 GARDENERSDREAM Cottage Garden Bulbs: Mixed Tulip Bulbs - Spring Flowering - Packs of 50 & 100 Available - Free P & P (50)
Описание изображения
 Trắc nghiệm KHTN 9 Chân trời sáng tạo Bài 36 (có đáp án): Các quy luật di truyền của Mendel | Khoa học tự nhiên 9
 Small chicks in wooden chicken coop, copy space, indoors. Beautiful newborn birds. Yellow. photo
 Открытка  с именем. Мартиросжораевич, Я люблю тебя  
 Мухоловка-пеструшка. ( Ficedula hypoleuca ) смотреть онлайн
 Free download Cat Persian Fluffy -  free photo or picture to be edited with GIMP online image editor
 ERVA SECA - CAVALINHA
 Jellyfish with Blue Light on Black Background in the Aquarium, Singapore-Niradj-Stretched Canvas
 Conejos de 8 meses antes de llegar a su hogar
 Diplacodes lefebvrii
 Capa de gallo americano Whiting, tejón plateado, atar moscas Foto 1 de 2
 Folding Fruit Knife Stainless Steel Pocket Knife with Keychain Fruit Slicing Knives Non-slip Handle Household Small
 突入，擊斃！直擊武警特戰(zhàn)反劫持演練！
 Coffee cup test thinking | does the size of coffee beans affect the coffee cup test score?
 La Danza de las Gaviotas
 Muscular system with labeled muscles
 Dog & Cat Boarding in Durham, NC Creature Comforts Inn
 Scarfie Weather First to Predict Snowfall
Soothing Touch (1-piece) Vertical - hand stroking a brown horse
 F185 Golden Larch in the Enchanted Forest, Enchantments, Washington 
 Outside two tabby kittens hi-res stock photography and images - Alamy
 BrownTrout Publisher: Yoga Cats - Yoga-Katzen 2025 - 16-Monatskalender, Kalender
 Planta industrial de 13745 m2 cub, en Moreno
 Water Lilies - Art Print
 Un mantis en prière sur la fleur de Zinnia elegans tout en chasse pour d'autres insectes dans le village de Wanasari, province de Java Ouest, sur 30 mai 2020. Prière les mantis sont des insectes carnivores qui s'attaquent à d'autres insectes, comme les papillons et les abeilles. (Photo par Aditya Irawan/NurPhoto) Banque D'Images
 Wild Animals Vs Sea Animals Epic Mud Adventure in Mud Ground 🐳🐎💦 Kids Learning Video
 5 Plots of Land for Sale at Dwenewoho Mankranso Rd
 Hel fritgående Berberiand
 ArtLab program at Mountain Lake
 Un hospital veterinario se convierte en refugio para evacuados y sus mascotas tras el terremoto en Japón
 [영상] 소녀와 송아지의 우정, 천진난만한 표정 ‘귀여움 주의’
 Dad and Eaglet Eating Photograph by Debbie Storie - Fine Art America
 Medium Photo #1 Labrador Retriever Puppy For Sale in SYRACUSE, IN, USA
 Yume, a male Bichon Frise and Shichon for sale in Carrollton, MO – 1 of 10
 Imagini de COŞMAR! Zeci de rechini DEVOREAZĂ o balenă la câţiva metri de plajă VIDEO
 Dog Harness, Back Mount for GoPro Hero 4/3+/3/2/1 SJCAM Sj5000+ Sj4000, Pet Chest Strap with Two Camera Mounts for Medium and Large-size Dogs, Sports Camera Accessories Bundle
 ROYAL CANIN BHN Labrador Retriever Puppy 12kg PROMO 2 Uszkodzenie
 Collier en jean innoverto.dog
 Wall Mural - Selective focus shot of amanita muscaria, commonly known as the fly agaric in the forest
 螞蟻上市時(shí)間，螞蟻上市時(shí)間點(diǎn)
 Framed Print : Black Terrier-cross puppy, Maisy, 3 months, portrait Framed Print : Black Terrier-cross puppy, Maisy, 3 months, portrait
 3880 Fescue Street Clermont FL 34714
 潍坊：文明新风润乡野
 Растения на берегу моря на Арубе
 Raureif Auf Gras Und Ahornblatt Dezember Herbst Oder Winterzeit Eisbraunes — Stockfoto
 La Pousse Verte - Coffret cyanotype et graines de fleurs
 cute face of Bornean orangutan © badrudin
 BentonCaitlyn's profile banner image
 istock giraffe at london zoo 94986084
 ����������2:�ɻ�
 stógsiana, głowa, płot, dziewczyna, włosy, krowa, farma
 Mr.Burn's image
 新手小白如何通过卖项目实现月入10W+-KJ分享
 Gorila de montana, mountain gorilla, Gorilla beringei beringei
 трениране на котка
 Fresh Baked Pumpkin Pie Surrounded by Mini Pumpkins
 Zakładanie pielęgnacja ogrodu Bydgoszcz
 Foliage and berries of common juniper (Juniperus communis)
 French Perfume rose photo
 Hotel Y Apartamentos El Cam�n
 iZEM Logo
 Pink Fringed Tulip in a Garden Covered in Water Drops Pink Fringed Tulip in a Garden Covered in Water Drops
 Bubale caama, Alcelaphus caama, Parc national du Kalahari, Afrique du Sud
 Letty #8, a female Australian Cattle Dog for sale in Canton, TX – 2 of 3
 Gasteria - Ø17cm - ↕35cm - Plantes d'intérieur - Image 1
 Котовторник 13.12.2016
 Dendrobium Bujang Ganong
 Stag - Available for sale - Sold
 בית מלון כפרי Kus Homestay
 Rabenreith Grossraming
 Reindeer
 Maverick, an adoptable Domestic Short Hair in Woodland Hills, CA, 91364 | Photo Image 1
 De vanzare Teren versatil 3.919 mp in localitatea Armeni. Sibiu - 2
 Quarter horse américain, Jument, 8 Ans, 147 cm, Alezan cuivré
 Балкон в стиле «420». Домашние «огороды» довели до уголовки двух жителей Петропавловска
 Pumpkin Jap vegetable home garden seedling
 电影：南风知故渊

(YOUR INSTRUCTIONS):
Every line above that includes the string "horse" needs to be copied.

(EXERCISE SOLUTION):
Soothing Touch (1-piece) Vertical - hand stroking a brown horse
 Quarter horse américain, Jument, 8 Ans, 147 cm, Alezan cuivré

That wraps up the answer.